Understanding the Different Types of Interest Rates

Interest rates are one of the most important concepts to understand when securing loans, managing credit and saving. Whether it’s for mortgages, car loans or credit cards, knowing the different types of interest rates and their impact can help you make savvy financial decisions that fit your goals.

In simple terms, an interest rate is a percentage of the amount borrowed or deposited that lenders charge borrowers for the privilege of using their funds. It’s also the amount that banks earn from investments like savings and certificates of deposit. Lenders levy interest to ensure that they’re making enough money from the use of their funds while also providing an incentive and discipline for borrowers to pay back their debt over time.

Different lenders have their own criteria for deciding what interest rate to offer borrowers.
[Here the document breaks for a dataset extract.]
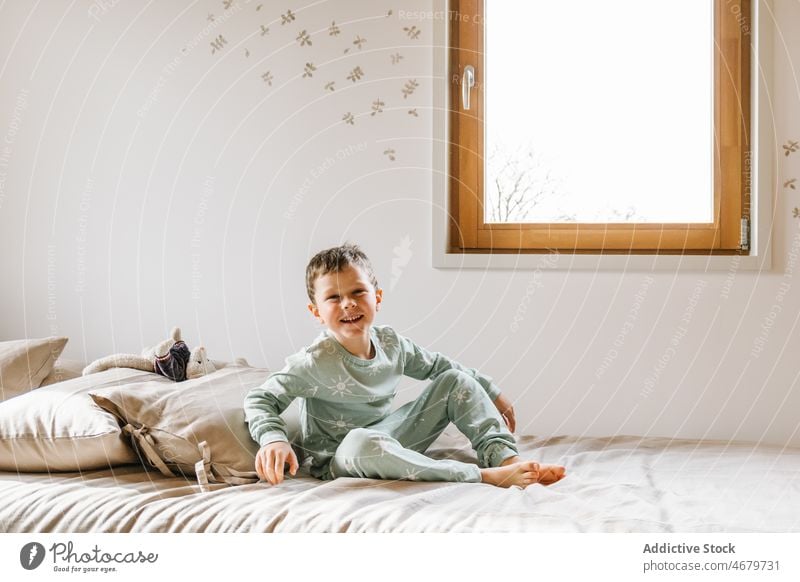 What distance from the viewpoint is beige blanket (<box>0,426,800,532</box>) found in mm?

Personal factors like credit scores and history, as well as loan-to-value ratios and length of the loan can all influence what kind of rate you get. Other broader economic trends, such as the Federal Reserve’s benchmark interest rate, can also play a role.

Depending on your personal and financial circumstances, you may want to choose between a fixed or variable rate. A variable rate can change over the course of your loan, while a fixed rate stays the same for the duration of the agreement. If you’re comfortable taking some risk and keeping an eye on market trends, a variable rate could save you more money in the long run.